Once the correlation matrix has been constructed (for each sub-period), the next step is transforming it into an adjacency matrix. The adjacency matrix is the representation of the network edges, and can be extracted from the correlation matrix in different ways. The most common approach is to use some threshold criteria, which determines which values of the correlation matrix will be transformed into edges in the network (and which values will not). However, there are other more refined ways to extract the adjacency matrix from the correlation matrix is used random matrix theory12,13, and choosing which method use depends on the properties of the specific data-set in hand.

Once the adjacency matrix (of the specific sub period) is resolved, we measure the structural entropy as described in the previous section. Note that Structural Entropy is calculated in each time step for the corresponding sub-period, resulting in a new time series of Structural Entropy values.

Figure 2 depicts the main steps in the procedure of monitoring structural entropy of correlation-based networks. In sub-figure A we observe the raw data and the use of a sliding window technique. Next, in sub-figure B, we calculate the Pearson correlation matrix from the raw data. In sub-figure C, we see the transformation of the correlation matrix into an adjacency matrix using a threshold process. These three stages represent the main steps discussed in this section. The next two steps show the calculation of structural entropy. In sub-figure d, we see the outcome of a community detection algorithm running over the adjacency matrix, where each block in the matrix represents a community with high density of links.
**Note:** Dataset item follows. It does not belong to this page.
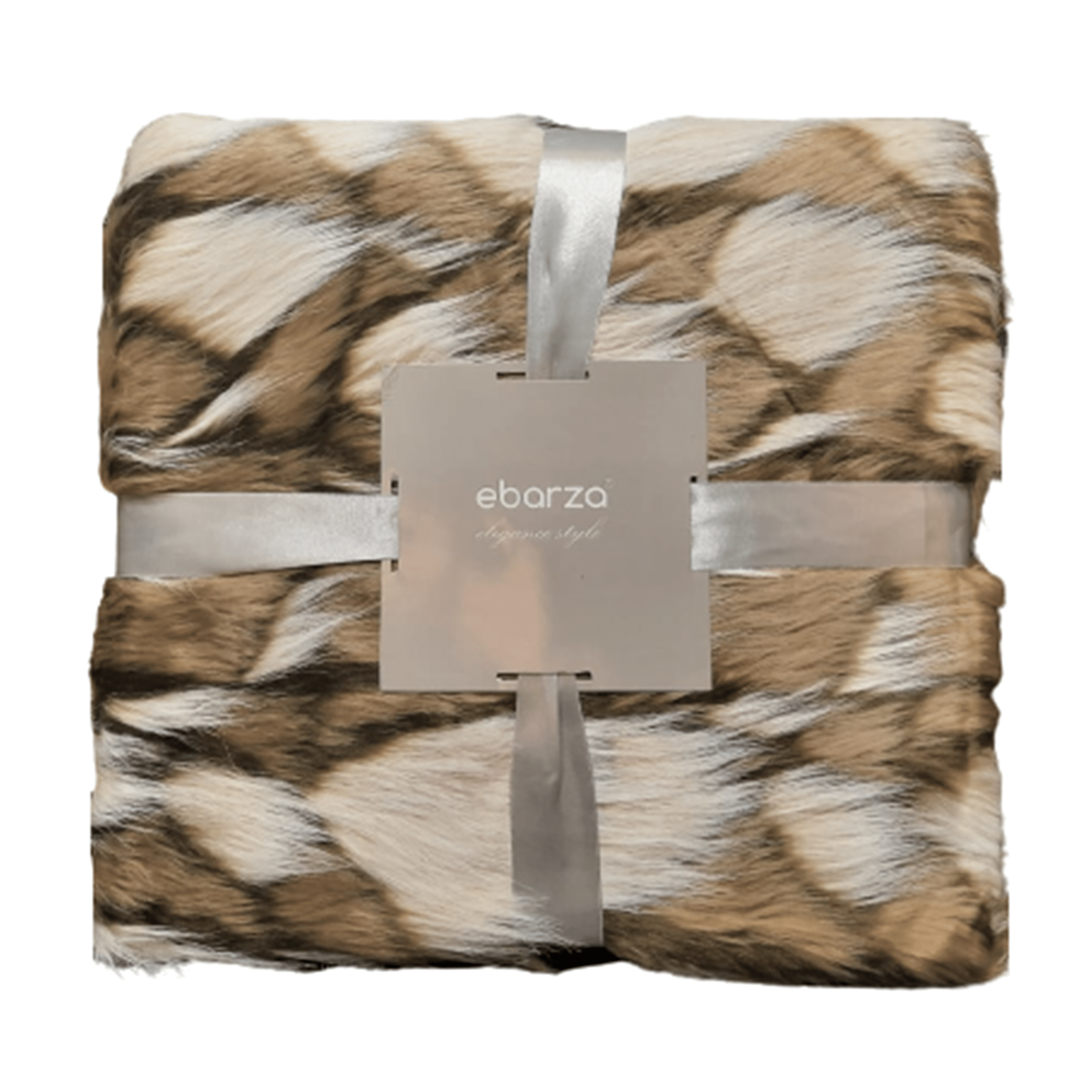 Handmade Throw Blanket  2288-004 -  Blankets - ebarza Furniture UAE | Shop Modern Furniture in Abu Dhabi & Dubai - مفروشات ايبازرا في الامارات | تسوق اثاث عصري وديكورات مميزة في دبي وابوظبي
Next, in sub-figure E, we see the calculation of structural entropy as described in section 0. Lastly, in sub-figure F, we construct a new time series for the structural entropy measure, where each time step represents the diversity level of the system in the corresponding sub-period.

Figure 2
figure 2

Illustration of the main steps in the procedure of monitoring structural entropy of correlation-based networks. (A) raw time series, using sliding window approach we analyze continuously sub-periods from the entire data. (B) generating Pearson correlation matrix (or different association matrix) (C) transforming the correlation matrix to an adjacency matrix (D) resolving community structure of the network (E) calculating the structural entropy for each specific sub-period (F) continuous monitoring of the structural entropy and analysis.
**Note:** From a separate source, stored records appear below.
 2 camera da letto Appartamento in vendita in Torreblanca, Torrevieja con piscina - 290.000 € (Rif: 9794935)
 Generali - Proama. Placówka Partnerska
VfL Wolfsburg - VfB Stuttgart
In the next section, we apply this process to the case of financial data in order to resolve and monitor diversity level in emergent organization of financial markets.
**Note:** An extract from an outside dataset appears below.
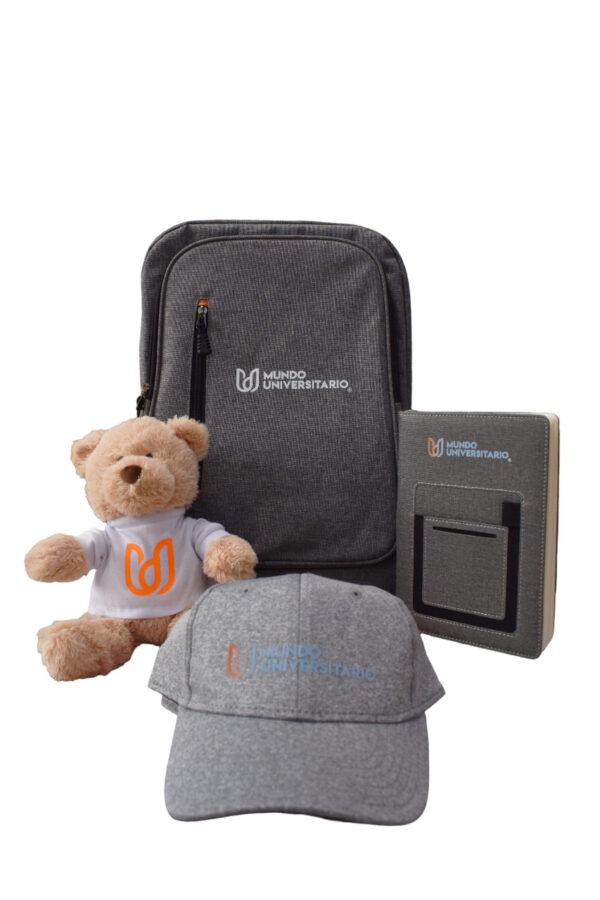 Kit Mundo Universitario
Monitoring structural entropy in financial markets

For our analysis we use daily closing prices from the FTSE100 and NIKKEI225 indices, for a 10-year period ranging from 24/10/2001 to 18/10/2011. For each index, we retained in our data set only stocks that were traded continuously throughout the entire selected period. This results in 78 stocks for FTSE100 and 193 stocks for NIKKEI225. For each stock si in the data set, we constructed a time series which is composed of its daily log-returns (i.e. the the log of its daily increment), as commonly done in the financial literature:

$${s}_{i}(t)\equiv \,\mathrm{ln}(\frac{{p}_{i}(t)}{{p}_{i}(t-\mathrm{1)}})$$
(6)

where \({p}_{i}(t)\) is the daily closing price of stock i at time t.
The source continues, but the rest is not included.